• _Input material_:
********************

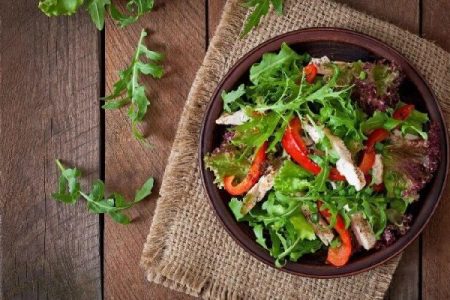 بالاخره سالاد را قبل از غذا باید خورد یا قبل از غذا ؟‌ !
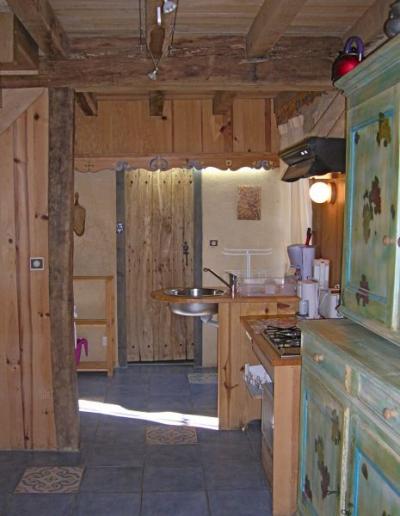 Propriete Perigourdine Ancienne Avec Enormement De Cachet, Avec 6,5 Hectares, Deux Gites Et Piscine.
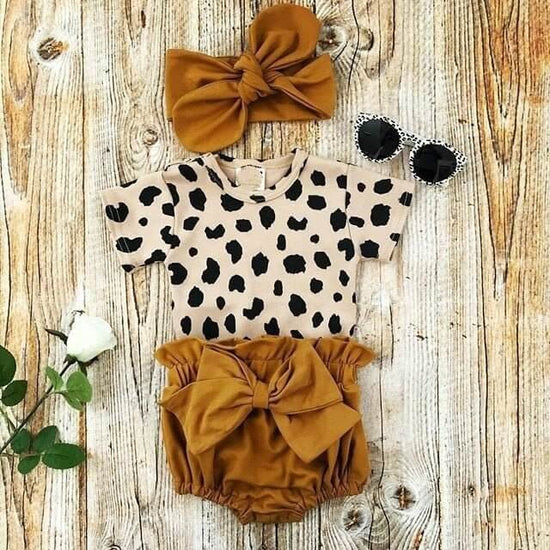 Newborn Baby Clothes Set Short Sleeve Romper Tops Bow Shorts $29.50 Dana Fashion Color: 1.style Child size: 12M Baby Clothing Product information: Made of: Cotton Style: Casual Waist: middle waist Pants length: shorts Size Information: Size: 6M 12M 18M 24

********************

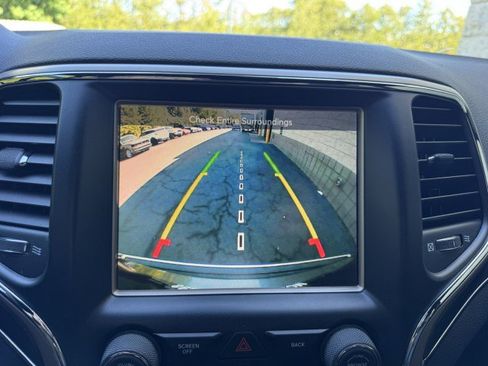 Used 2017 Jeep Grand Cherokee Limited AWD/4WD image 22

********************

• _Exercise prompt_:
In the listing above, find the line with "بالاخره سالاد را" and the line with "Newborn Baby Clothes". Copy both of them and every line between, exactly, but not the pictures.

• _Completed exercise_:
 بالاخره سالاد را قبل از غذا باید خورد یا قبل از غذا ؟‌ !
 Propriete Perigourdine Ancienne Avec Enormement De Cachet, Avec 6,5 Hectares, Deux Gites Et Piscine.
 Newborn Baby Clothes Set Short Sleeve Romper Tops Bow Shorts $29.50 Dana Fashion Color: 1.style Child size: 12M Baby Clothing Product information: Made of: Cotton Style: Casual Waist: middle waist Pants length: shorts Size Information: Size: 6M 12M 18M 24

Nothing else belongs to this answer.